We all remember the sound of Charlie Brown’s teacher, that muffled, mumbling sound no one could much listen to for longer.
That’s the way just about every Republican candidate sounds these days. Ronald Reagan was great. I am a conservative not a moderate. I can recite my poll tested talking points with the best of them, hopefully with more money.
Is this what modern candidates and political consultancy has come to?
As Arizona holds its State GOP Convention this Saturday in Tempe we should ask ourselves is it time for a change?
For nearly thirty years Republicans have been wedded to this model. It’s boring and increasingly ineffectual.
Interestingly, there have been detours. And they have been successful.
George W. Bush developed his own “compassionate conservative” vernacular and won an election he was not expected to in 2000.
There was John McCain in the primaries that same year riding his railings against the campaign finance system to an upset victory in New Hampshire.
Mitt Romney didn’t really develop anything new on the message front. He was boring. And lost.
We see glimpses of a new agenda from Rand Paul and Paul Ryan.
But as we look to the future a voice from the past, perhaps even more hopeful and innovative than Reagan himself can serve as a model.
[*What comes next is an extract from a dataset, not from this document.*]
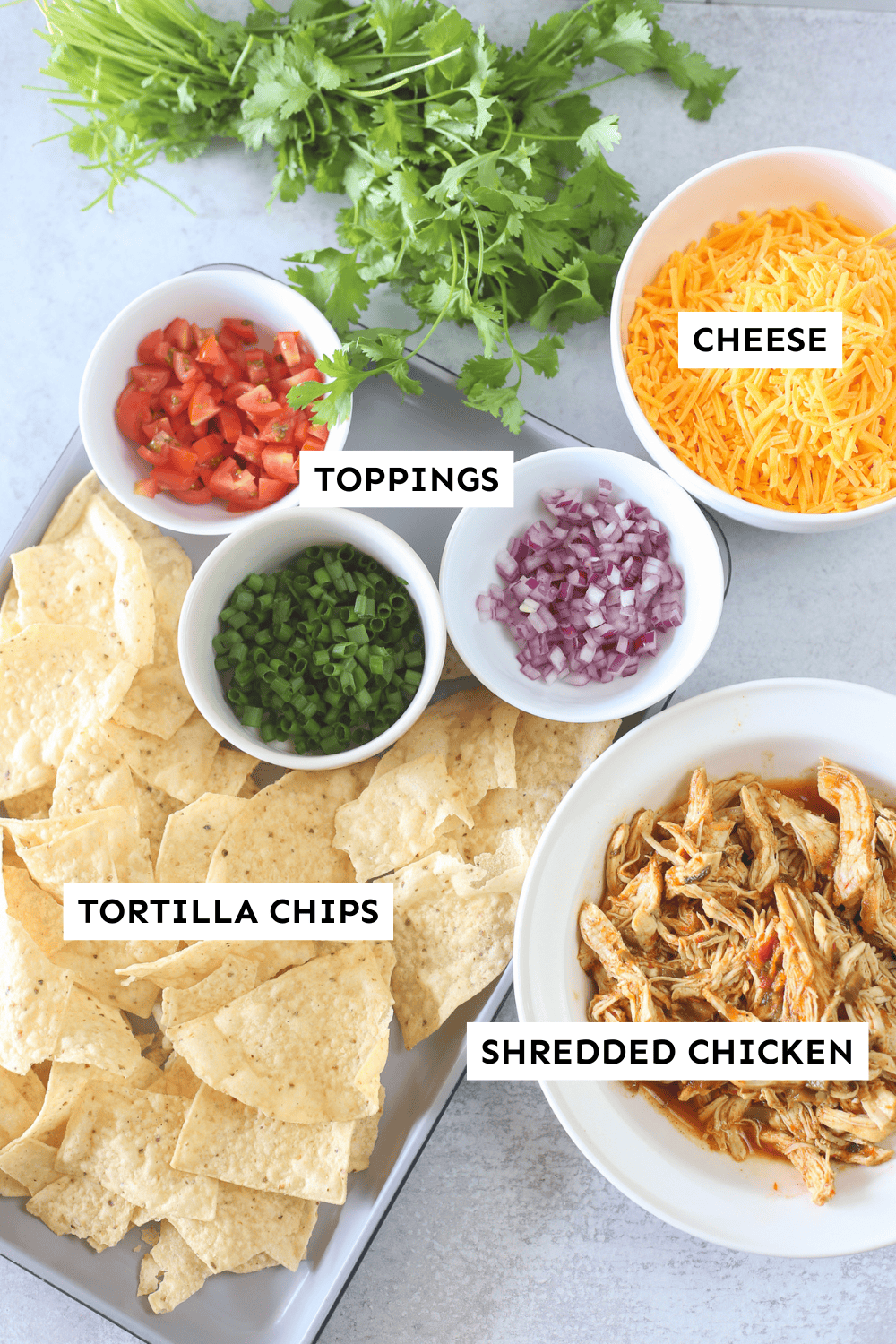 Topping ingredients for shredded chicken nachos measured out and labeled.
He was Jack Kemp. He of Buffalo. He of the inner city message. He who took that message to the most challenged places believing there was so much more that Republicanism could deliver than the blame game and clever defeatism offered by the opposing party.
So where is our Jack Kemp, in Arizona or across the country? Who among a strong crop of 2014 GOP gubernatorial candidates will capture imagination by proposing creatively and differently?
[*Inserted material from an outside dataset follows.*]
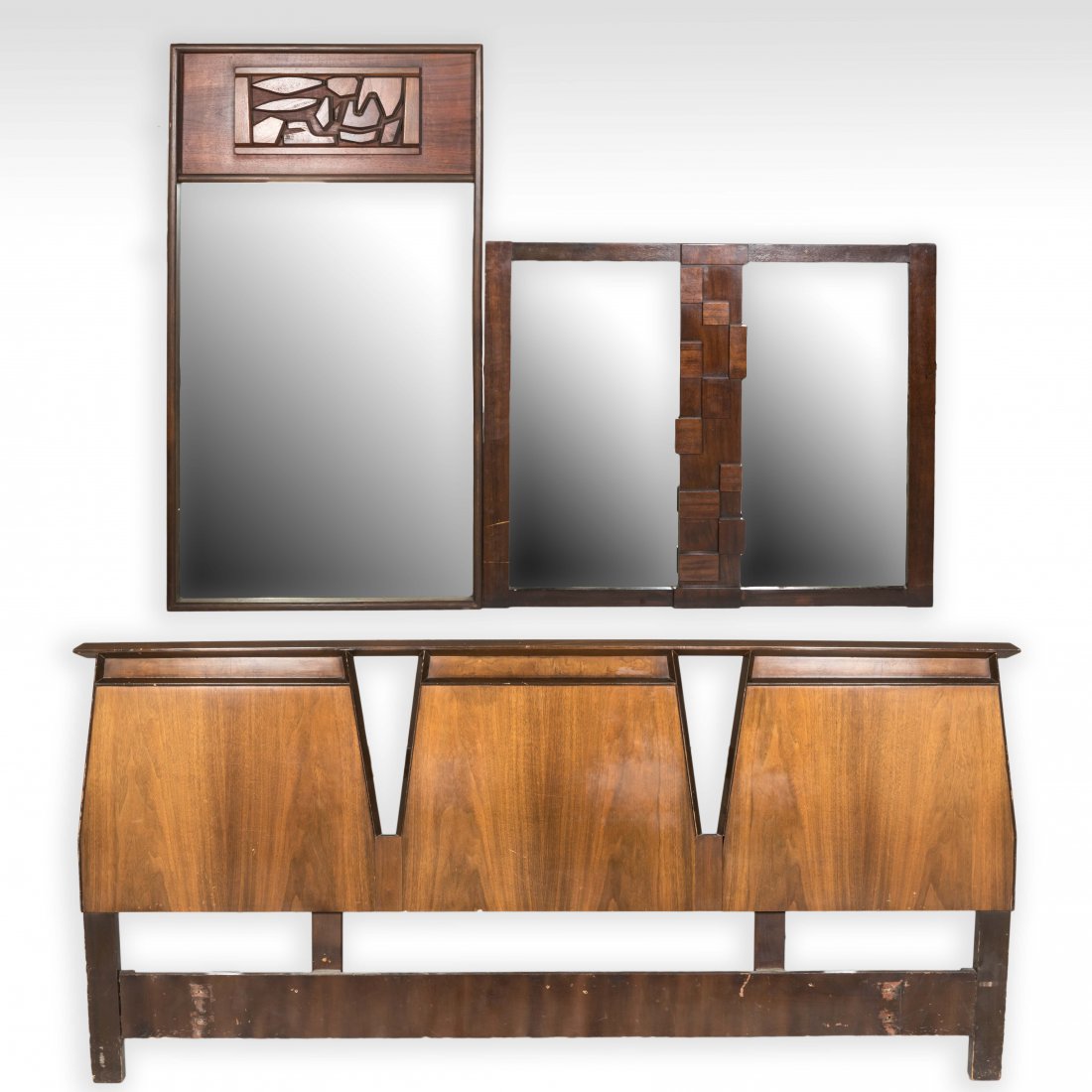 Two Brutalist Style Mirrors & Queen Headboard (1 of 3)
From schools to AIDS to the underprivileged to solar to crime to drugs to tourism to so many issues a re-imagined Republican philosophy could remain faithful to the faithful yet ignite passion from new constituencies.
If only someone could see the need and value of driving the debate rather than just following it with complacent consultants and the political industrial complex of pollsters. The good news is that someone will.